По мере того как Ревнитель свободы говорил, Больной из Восточной Азии записывал. Так получилась книга, в которой отразились многие кровавые события, происшедшие за тридцать лет, и выражалась надежда, что четыреста миллионов соплеменников [23] вступят на Берег пробуждения. Что же было в этой книге? Не сочтите за труд, прочитайте – вам обо всем расскажут последующие главы.
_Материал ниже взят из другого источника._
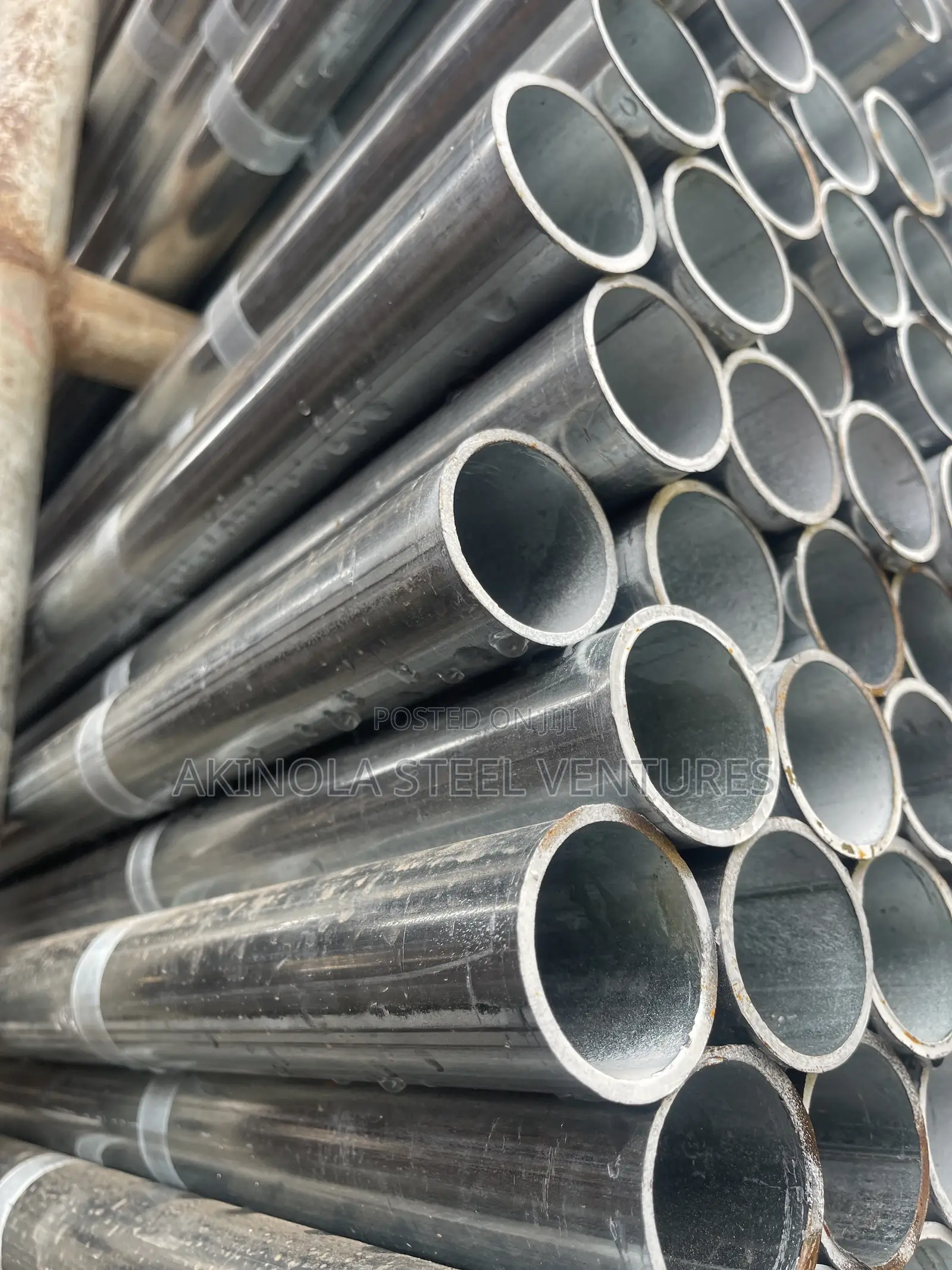 11/2" (48mm) Galvanize Scaffold Pipe Thick 3mm Imported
Глава вторая. Лу Жэньсян посещает роскошный пир в Сучжоу. Цзинь Вэньцин, возвращаясь домой, остается погостить в Шанхае

Как известно, Великая Цинская династия вступила на престол по воле Неба и распространила свою власть на все уголки страны. Она действовала испытанными методами, подражая национальным китайским династиям, а поэтому, как говорится, и ветер ей благоприятствовал, и дождь приходил в указанный срок. Государство наслаждалось миром, а народ – спокойствием. Просвещенные государи сменяли один другого непрерывной чередой. Воистину народу было за что воспевать заслуги и добродетель монархов, ибо они походили на солнце, дающее тепло, и облака, посылающие дождь. Только при императоре Сяньфэне [24] вспыхнуло восстание в Цзиньтяне [25], которое на известное время возмутило спокойствие страны. Однако династия, как всегда, оперлась на своих преданных генералов, вышедших из цзюйжэней, цзиньши и академиков [26]; пятнадцать лет они трудились в поте лица, срубили несколько десятков тысяч голов и стерли с лица земли всех бунтовщиков.

[6] Имеются в виду патриотические народные восстания.
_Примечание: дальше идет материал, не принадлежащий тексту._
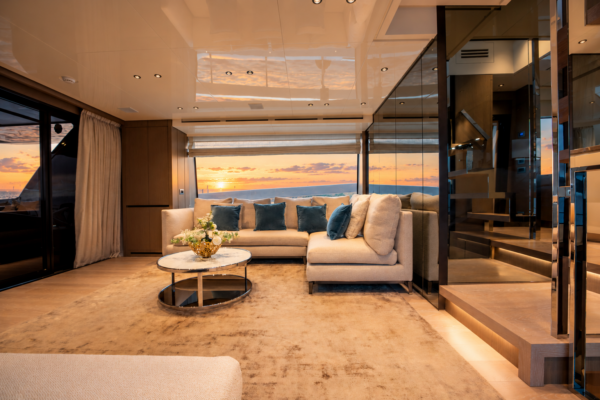 PURA VIDA - © REBORN YACHT MEDIA - INTERIOR - 03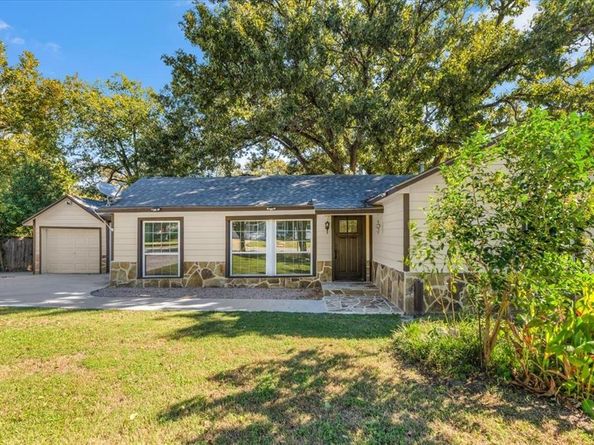 1800  Brook Hollow Drive , Fort Worth Texas 76114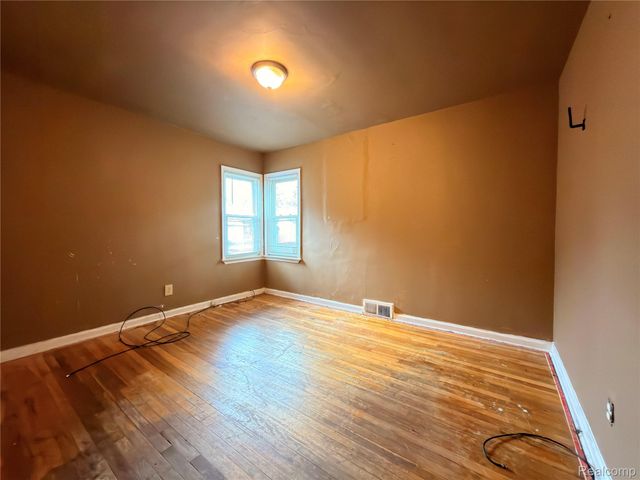 8255 W Parkway Street, Detroit, MI 48239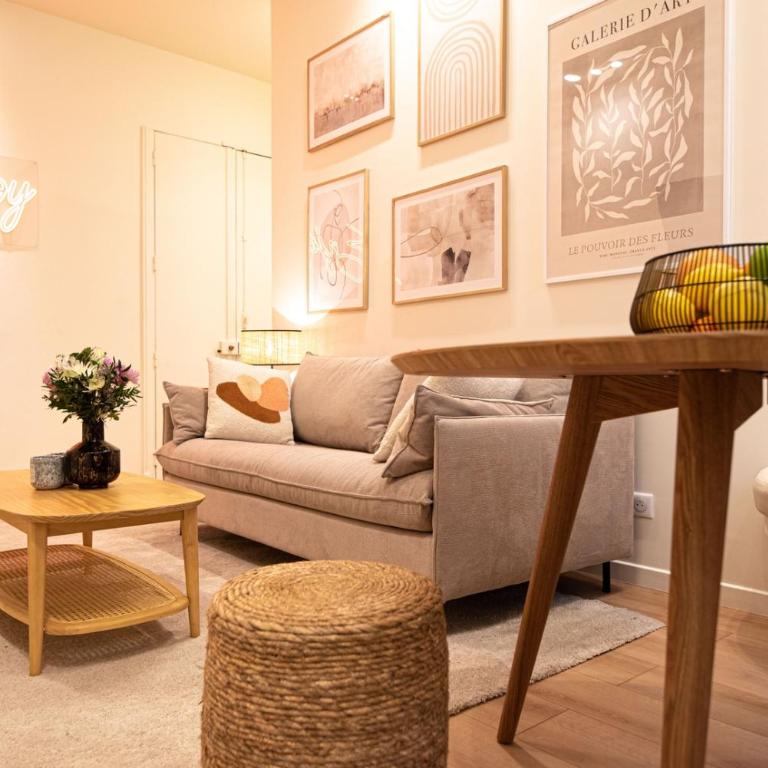 Superb flat in Champs Elysées - Two-Bedroom Apartment - 6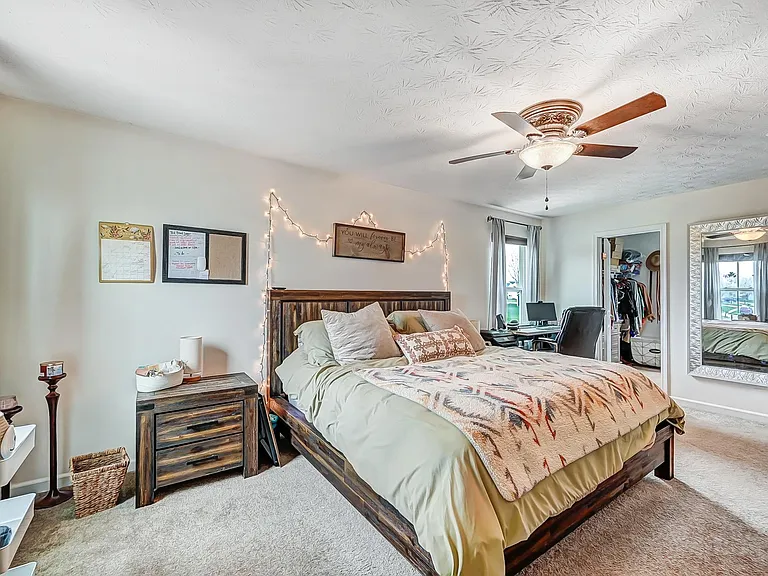 1404 Artesian Ln — Photo 32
[7] Намек на иностранную агрессию, которая получила в Китае особый размах со времени опиумных войн, то есть с середины XIX века.
[8] Подразумевается Китай.
[9] Фэн Дао – литератор и государственный деятель IX–X вв., который пережил пять императоров и при всех занимал высокие посты.
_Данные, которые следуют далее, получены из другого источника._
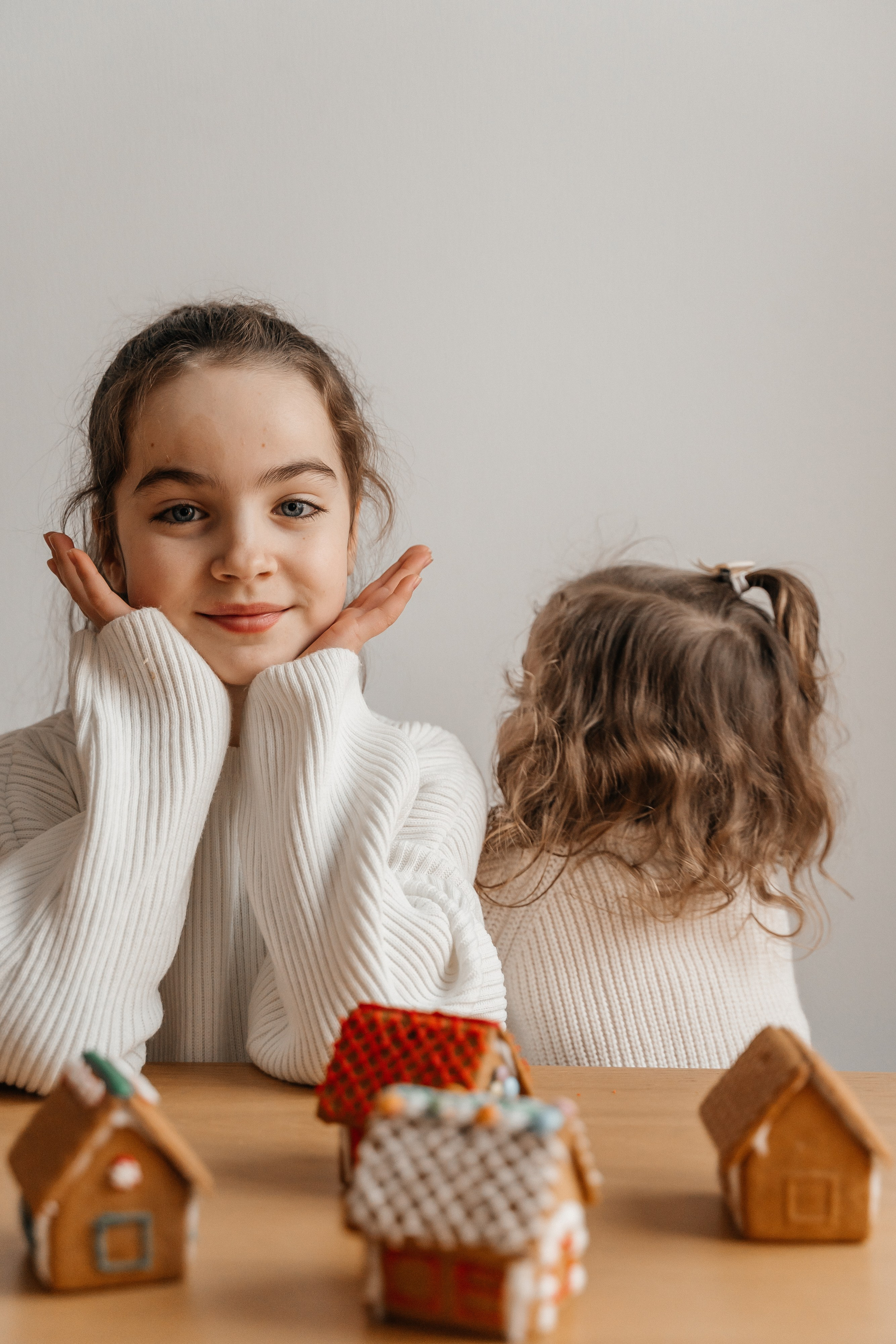 Максим, Катя, Лена и Ева. Волик Мария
[10] Цянь Цянъи – поэт и чиновник XVI–XVII вв., перешедший на службу к маньчжурам.
[11] Ян Сюн – поэт I в. до н. э. – I в. н. э., усердно воспевавший императора.
[12] Чэнъ Цзыан – поэт VII в., долгое время оставался безвестным, но затем сумел распространить свои сочинения, пригласив на пир видных литераторов.
[13] Циньшихуан – император III в. до н. э., известный своим деспотизмом.
[14] Янди – император VII в., отличавшийся развратом и тупостью.
[15] Ли Юй – император X в.; известен также как поэт.
[16] Перечисленные моря (так в древности назывались не только моря, но и пограничные провинции) являются окраинами Китая: Песчаное море (Ханьхай) – древнее название пустыни Гоби; Синее море (Цинхай) – озеро Кукунор.
[17] До XIX в. феодальное маньчжурское правительство, опасавшееся за свое господство, проводило политику искусственной изоляции страны от внешнего мира. В дальнейшем под давлением вооруженных сил интервентов (Англии, США, Франции, Германии и др.) оно было вынуждено открыть некоторые порты, в частности Шанхай, для внешней торговли.
[18] Мятежники; во время маньчжурской династии Цин (1644–1911) всему мужскому населению Китая в знак подчинения маньчжурам полагалось носить косы.
[19] Старое название Северо-Восточного Китая.
[20] Официальное имя Чэнь Шубао, сына императора Сюаньди (I в. до н. э.).
[21] Дунъя бинфу – псевдоним Цзэн Пу.
[22] Издательство, основанное Цзэн Пу.
[23] Приблизительная численность населения Китая на рубеже XIX и XX вв.
[24] Император Сяньфэн правил с 1851 по 1862 г.
[25] Деревня на юге Китая, где началось великое тайпинское восстание (1851–1864 гг.).
[26] Ученые степени в феодальном Китае присуждались на специальных государственных экзаменах. Выдержав уездные и областные экзамены, претендент получал степень сюцая, выдержав провинциальные – степень цзюйжэня, а для получения степени цзиньши нужно было выдержать дополнительно к этому столичные и дворцовые экзамены. Ученые степени давали преимущественное право для службы в академии «Лес кистей» и занятия чиновных должностей.